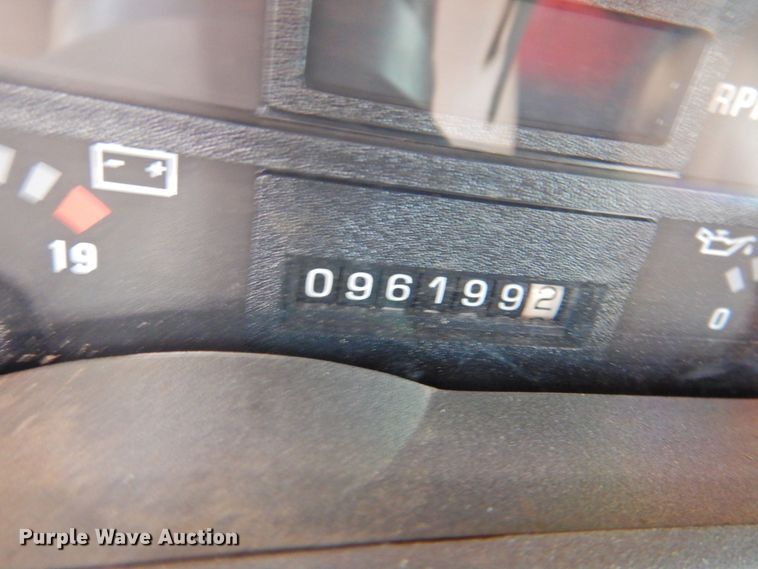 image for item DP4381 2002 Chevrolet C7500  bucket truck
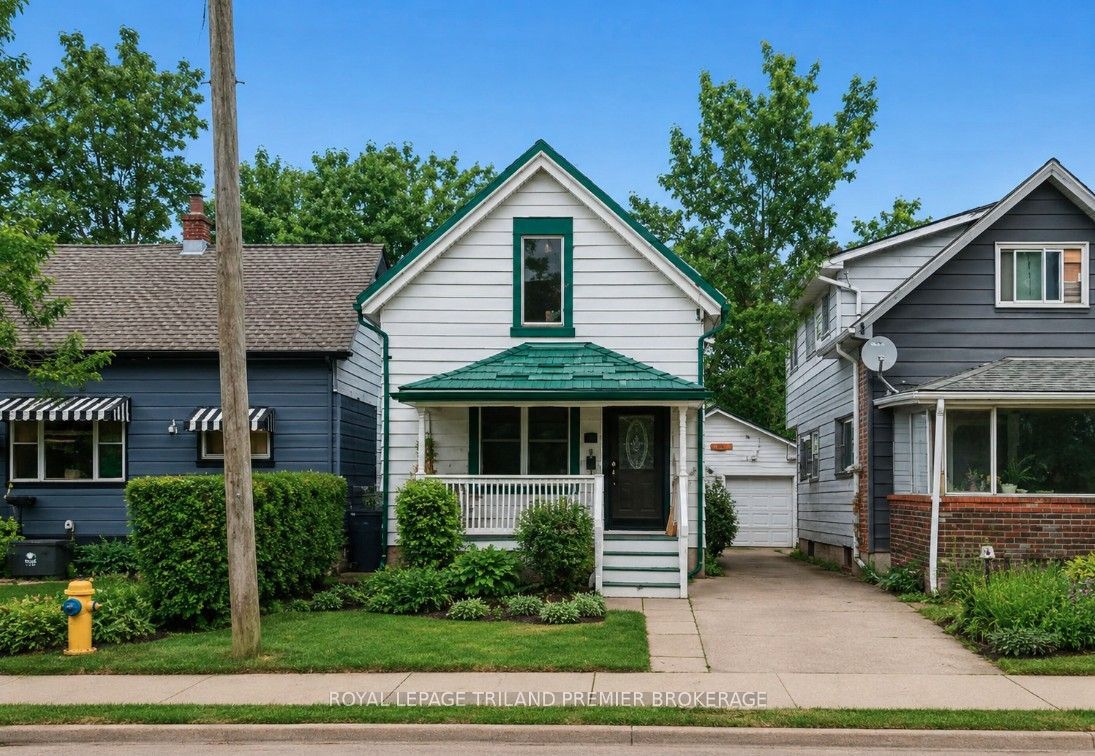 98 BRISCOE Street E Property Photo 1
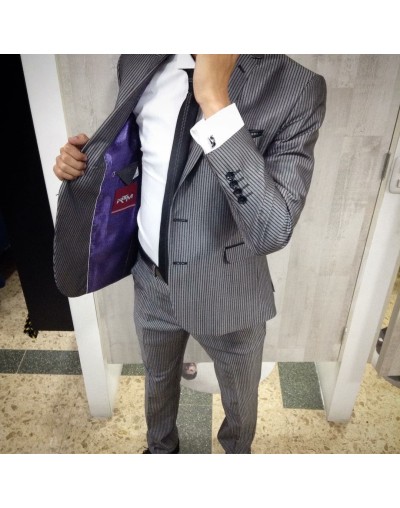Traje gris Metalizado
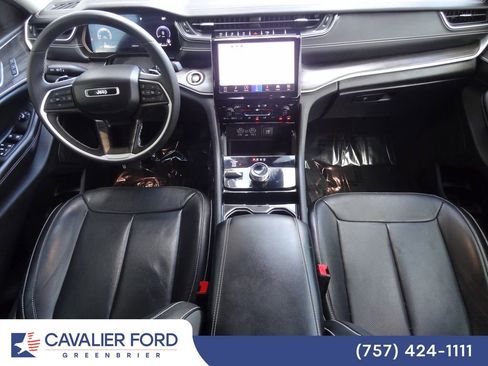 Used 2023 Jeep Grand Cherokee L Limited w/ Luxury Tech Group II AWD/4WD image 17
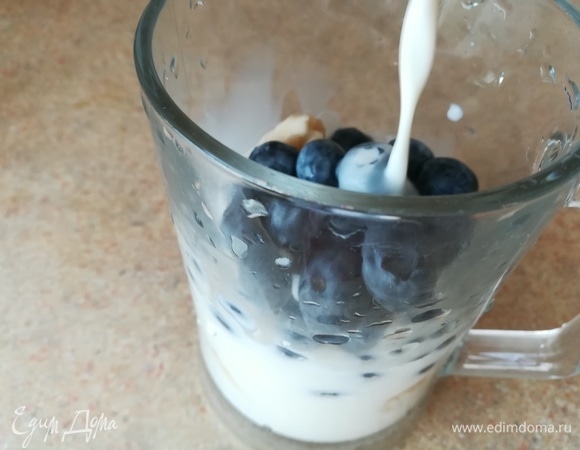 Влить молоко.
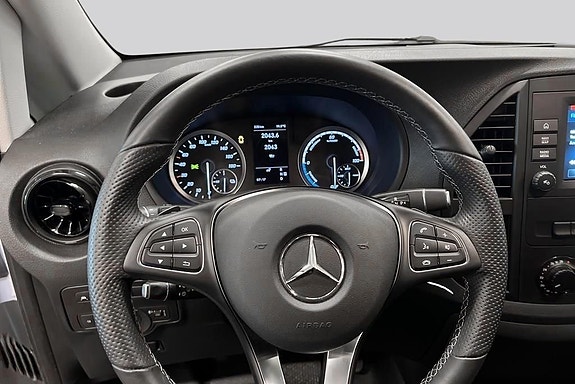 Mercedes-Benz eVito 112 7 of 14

- [Task goal] Output each entry above word for word. The pictures stay out.

- [Answer space]
 image for item DP4381 2002 Chevrolet C7500  bucket truck
 98 BRISCOE Street E Property Photo 1
Traje gris Metalizado
 Used 2023 Jeep Grand Cherokee L Limited w/ Luxury Tech Group II AWD/4WD image 17
 Влить молоко.
 Mercedes-Benz eVito 112 7 of 14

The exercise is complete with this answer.